## Task description
The line with "Велика кришталева фруктовниця з лебедями" marks the first line to copy, and the line with "Three Dots Black" marks the last. Transcribe that stretch of the data below exactly, without pictures.

## Source data
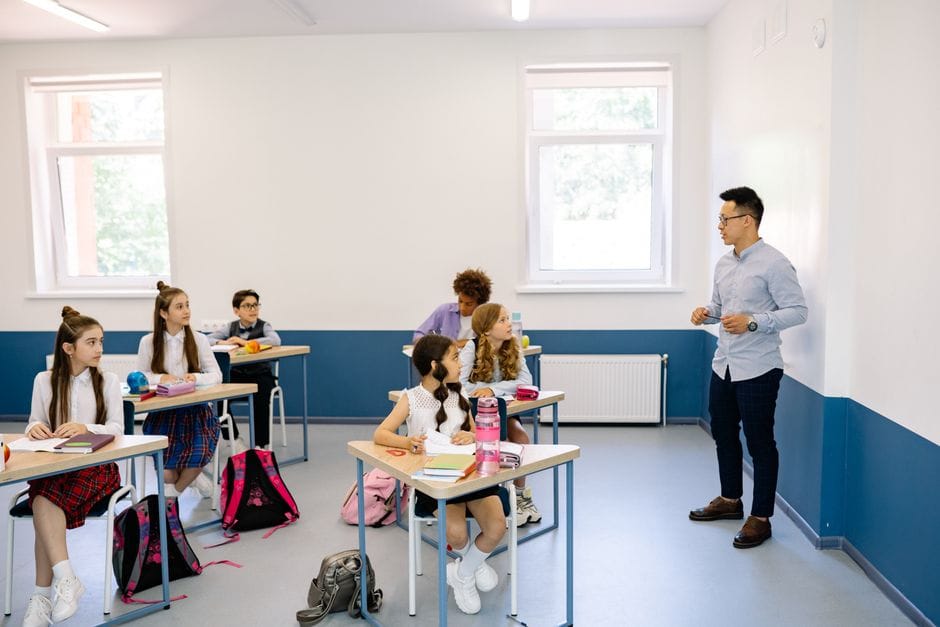 Bí quyết xử lý tình huống sư phạm tiểu học hiệu quả dành cho giáo viên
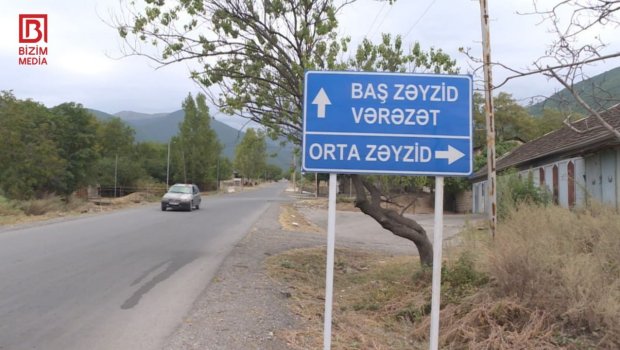 Səkidə mikroavtobus ağaca çırpıldı - Sürücü xəsarət aldı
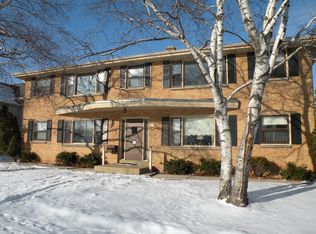 7718 W Howard Ave, Milwaukee, WI 53220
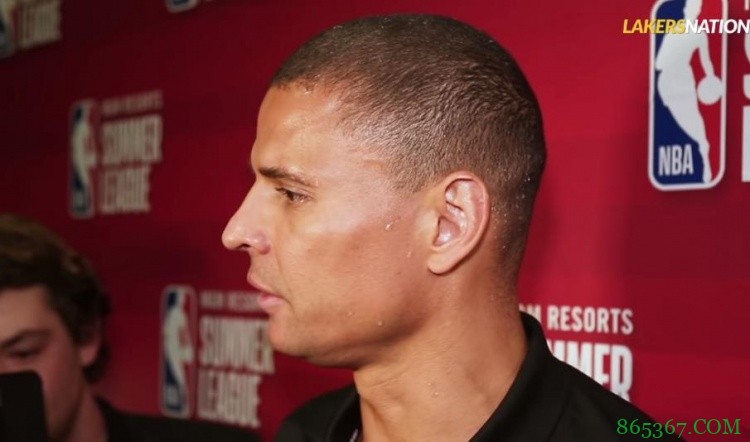 湖人助教迈尔斯-西蒙被任命为南湾湖人主帅 将为球队发掘年轻球员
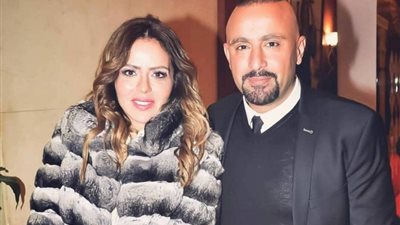 الطلقة الثالثة .. مرض وراثي نادر وسر انفصال مها الصغير عن أحمد السقا مرتين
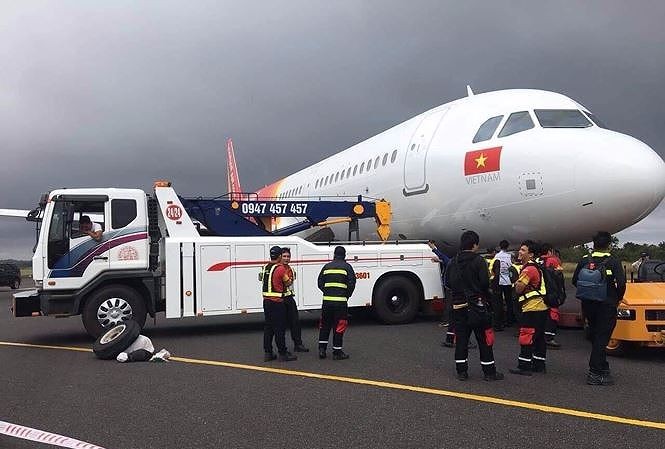 Phó Thủ tướng chỉ đạo xử lý vụ máy bay Vietjet gặp sự cố Lực lượng chức năng tiến hành kéo chiếc máy bay của Vietjet gặp sự cố khỏi đường băng. Ảnh: Hoàng Thiên Nga.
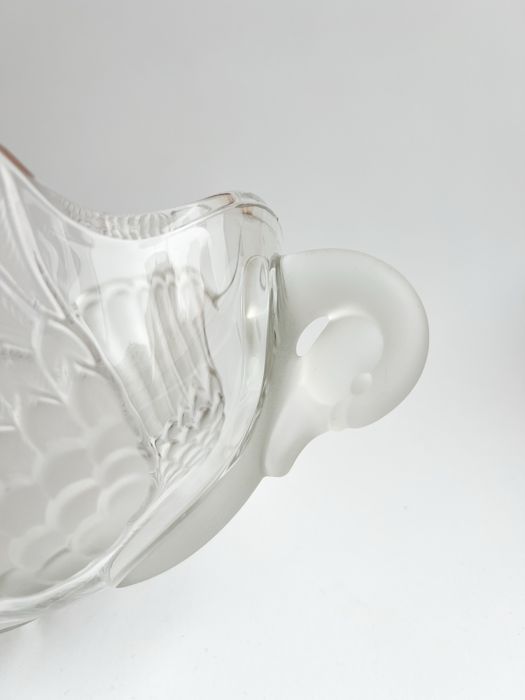 Велика кришталева фруктовниця з лебедями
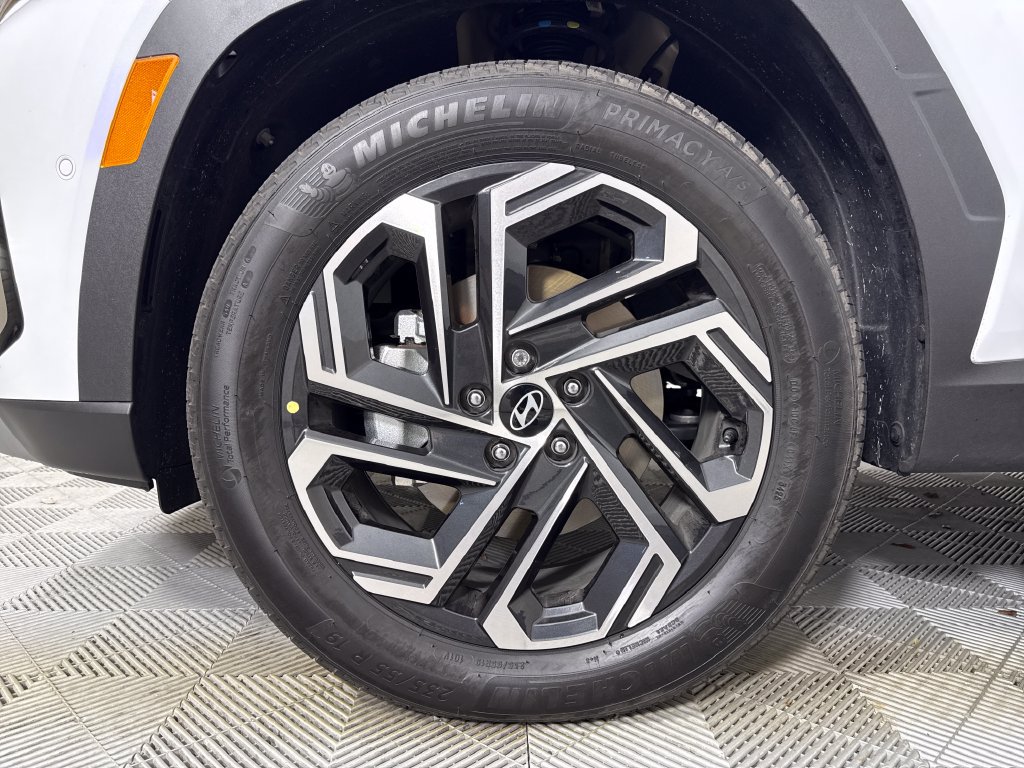 Certified 2026 Hyundai Tucson Limited AWD/4WD image 23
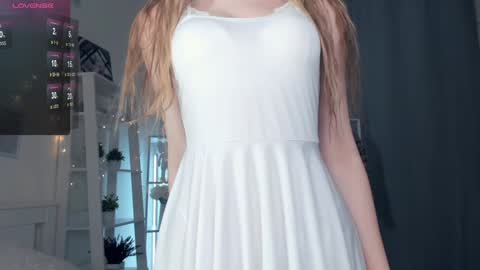 Snapshot of shiningdawn chatting on February 8, 2025, 8:10 pm Stella online show from February 8, 2025, 8:10 pm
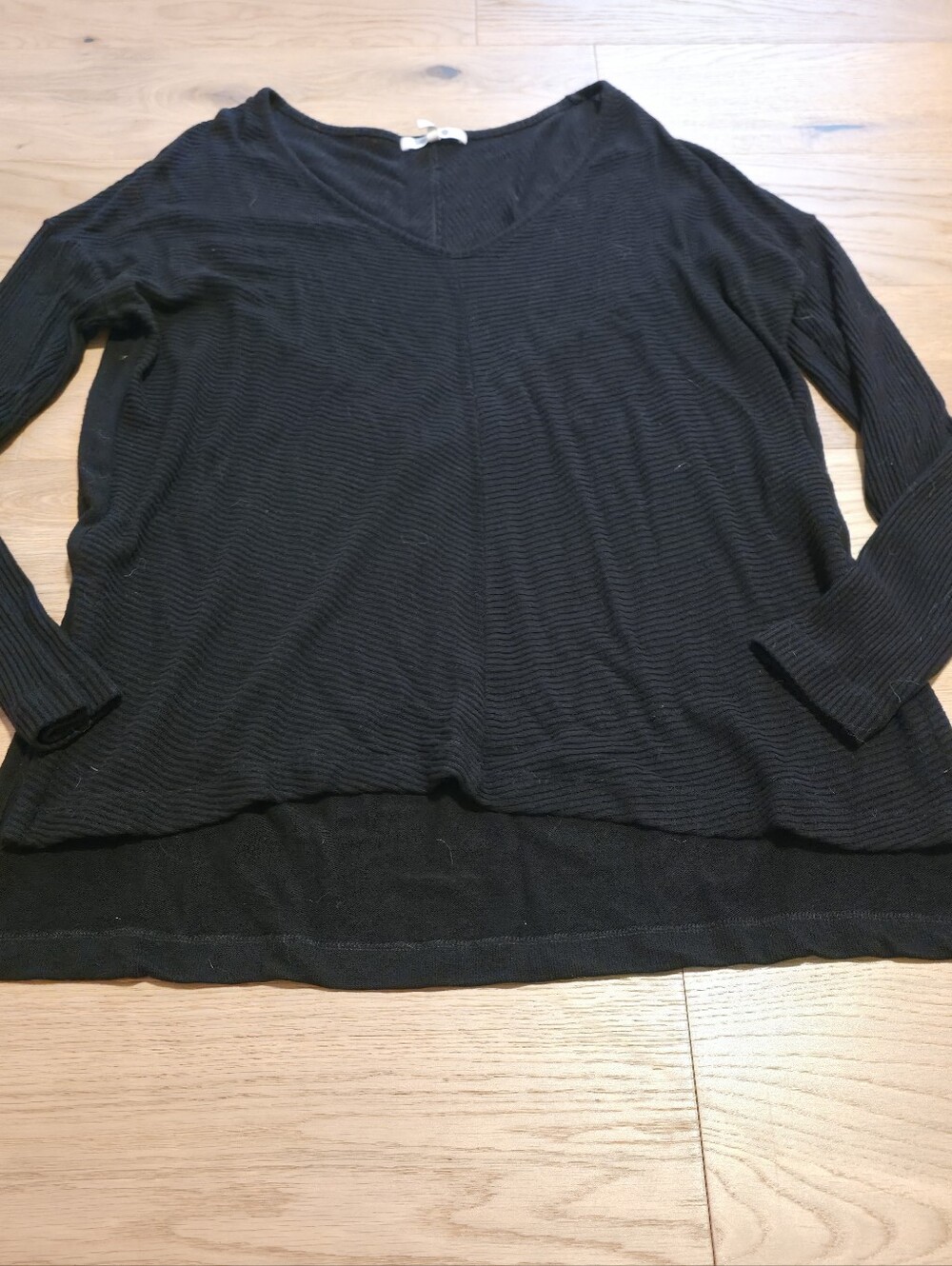 Three Dots Black Ribbed V-Neck Long Sleeve sweater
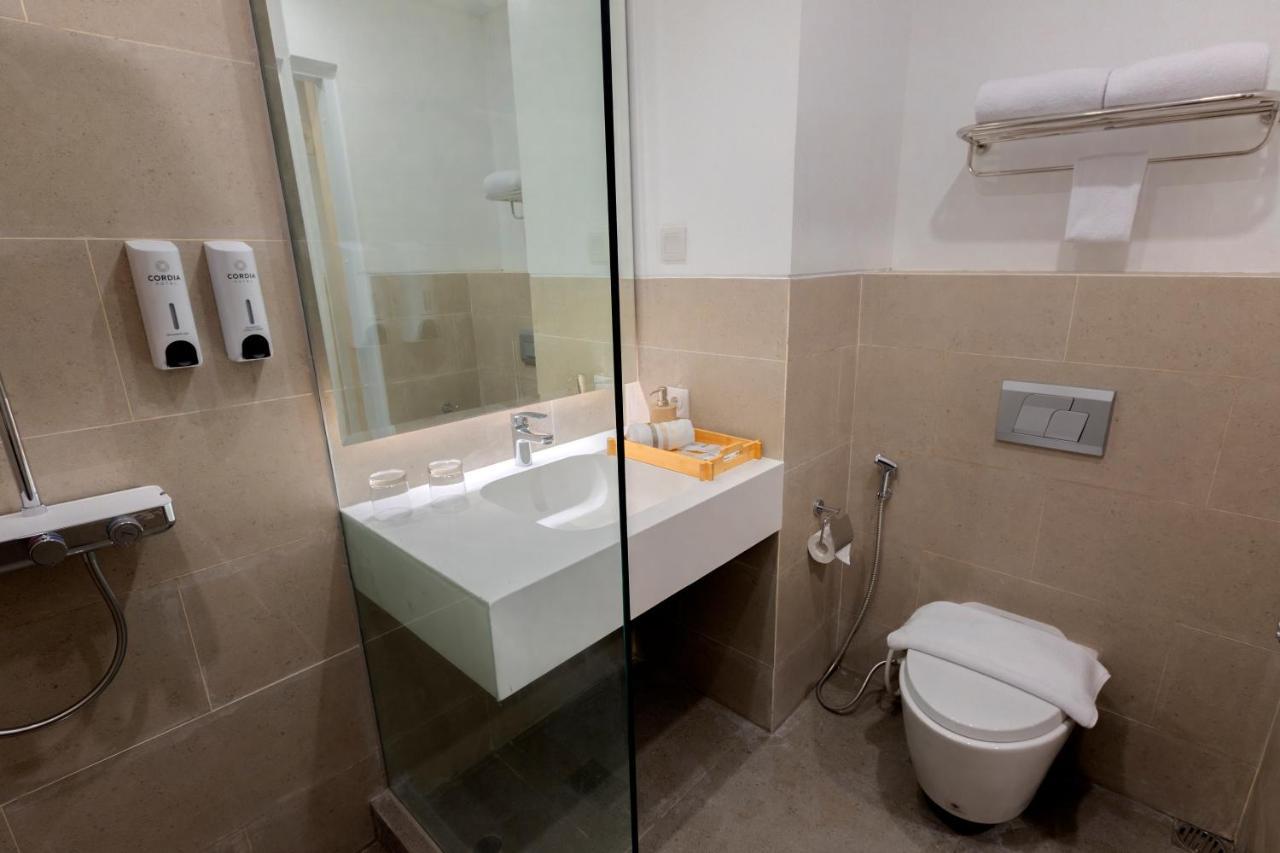 Cordia Hotel Yogyakarta - Hotel Dalam Bandara Glagah  Екстериор снимка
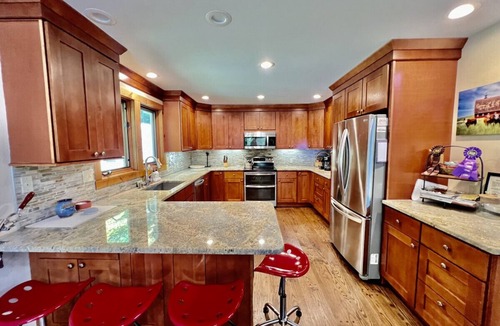 Forest Farms House | Pet Friendly home with a barrel sauna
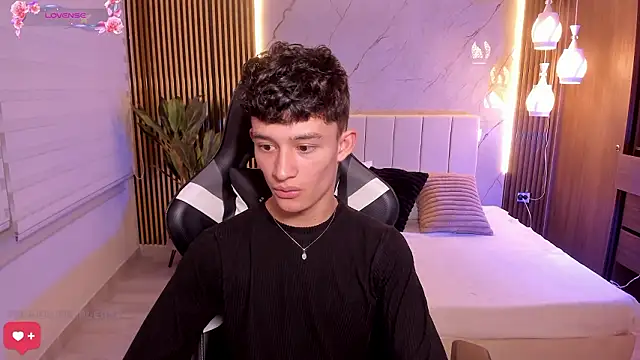 Snapshot of Patrick_Howland_ chatting on 02.24.26 Patrick Howland online show from 02.24.26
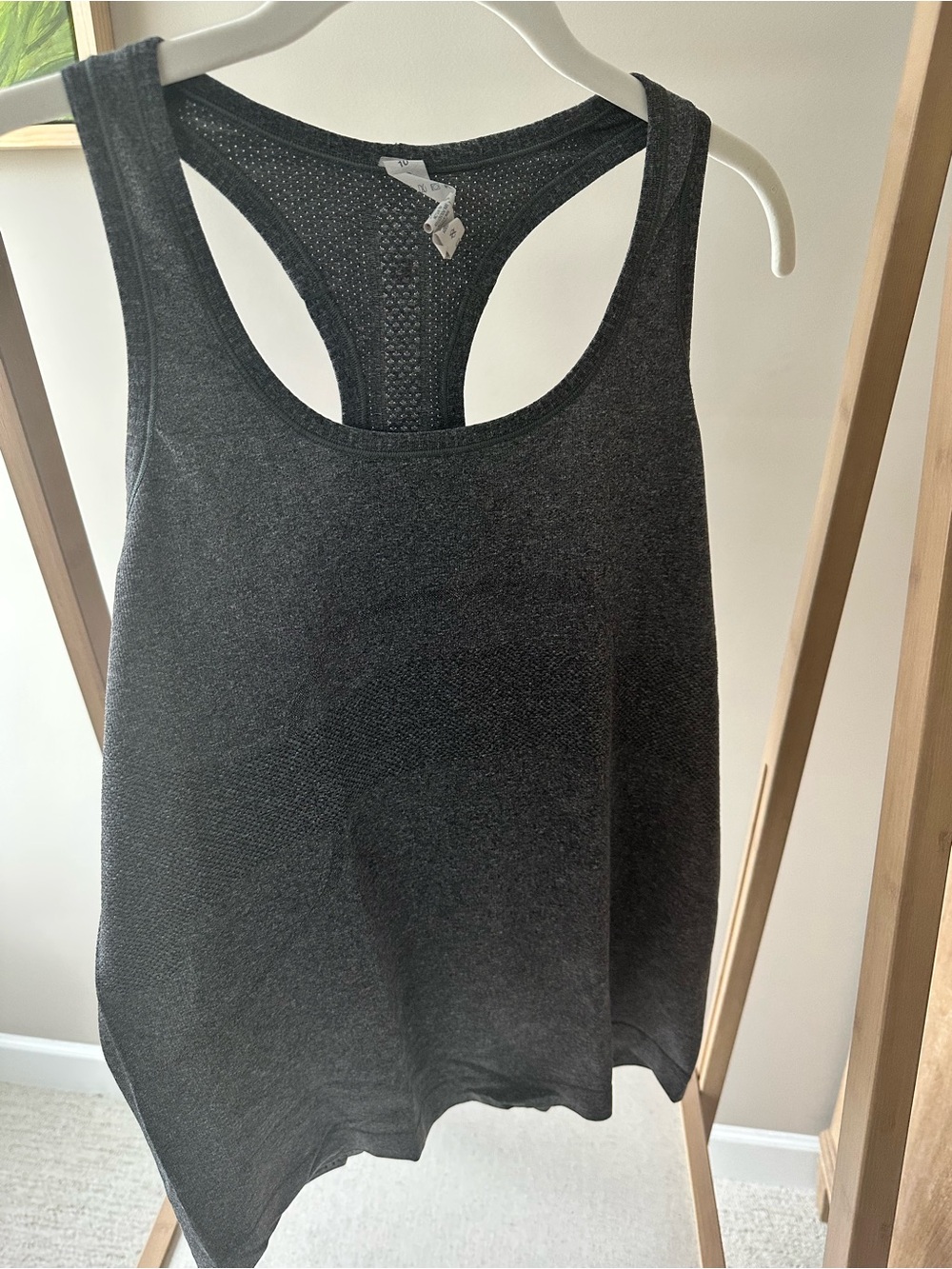 Lululemon Swiftly Tech Racerback Tank Size 10 Heathered Seamless Silverescent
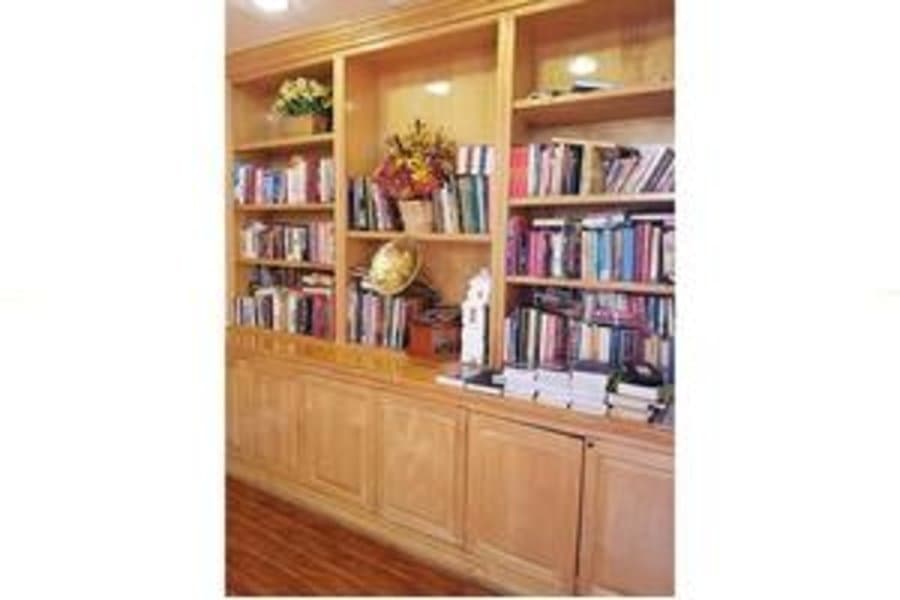 Fine Gold Manor in North Hollywood, CA - Main View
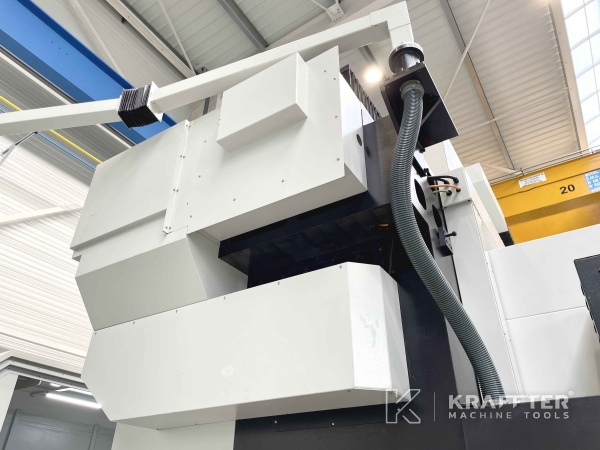 Weltweiter Ankauf und Verkauf von CNC Bearbeitungszentrum, gebraucht, EUMACH DVM 2021 90082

## Final answer
 Велика кришталева фруктовниця з лебедями
 Certified 2026 Hyundai Tucson Limited AWD/4WD image 23
 Snapshot of shiningdawn chatting on February 8, 2025, 8:10 pm Stella online show from February 8, 2025, 8:10 pm
 Three Dots Black Ribbed V-Neck Long Sleeve sweater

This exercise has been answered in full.